More Responses When You Have Nothing Else To Say

I came across this humorous post on Facebook (or Twitter, I can’t recall), and the universality of having nothing to say when you’re expected to respond to some longwinded boor who has cornered you at a party or some other social gathering is something most people find relatable (except for the longwinded boors who love to hold people hostage with their endless ramblings). This list of useful but empty responses got me to thinking about other vacuous statements than can be said when one finds themselves trapped in one of these sticky situations.

“And with that, I have now officially heard it all.”

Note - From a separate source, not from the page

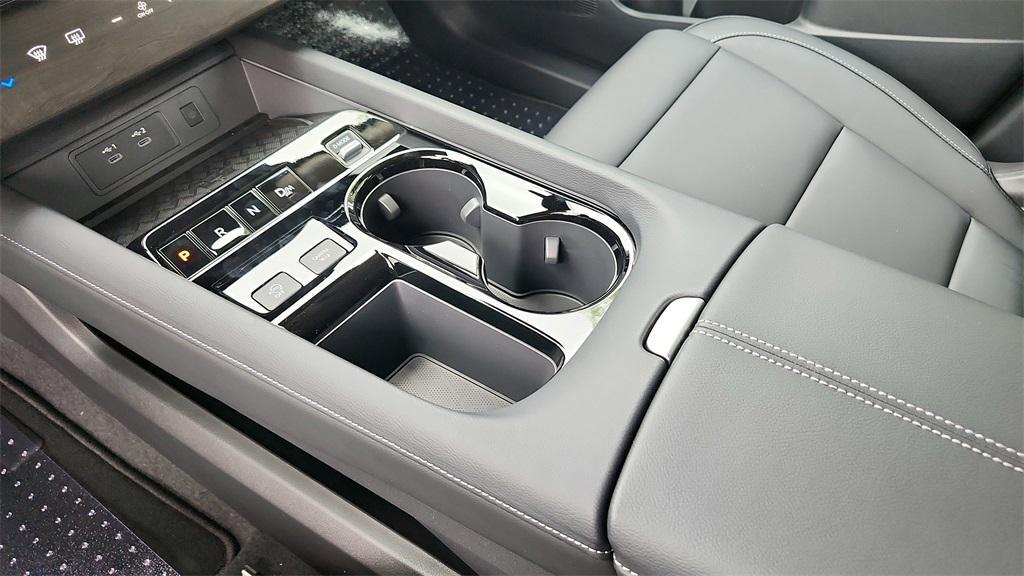 new 2025 Nissan Murano car, priced at $40,414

“The exact same thing happened to me but in a completely different way.”

“If only there was a reset button for such situations.”

“Hard to believe, and yet it makes perfect sense.”

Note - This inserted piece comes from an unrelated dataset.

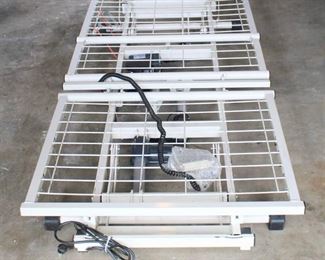 Panacea 1000 Electric Hospital Bed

“Obviously a victim of circumstance.” (optional: pronounce it soicumstance like Curly from The Three Stooges)

“Your tax dollars at work. Am I right?”

“Oh my god, that is so random!”

“Could be worse…a lot worse.”

“And that’s why it’s always a good idea to spend extra money for the extended warranty.”

“I have an uncle locked up in Bellevue who suffered through a similar ordeal.”

“It’s going to take a team of lawyers to get through that mess.”

“Half a loaf is better than no loaf…but still not as good as the whole loaf.”

“I bet if you pitched that same story to a big time Hollywood producer as a possible movie idea he’d laugh you right out of his office.”

“As the good book says, shit happens.”

That’s all for now, but I’ll add more vapid and stilted responses as I think of them, or them spoken by people desperately trying to get out of a one sided conversation.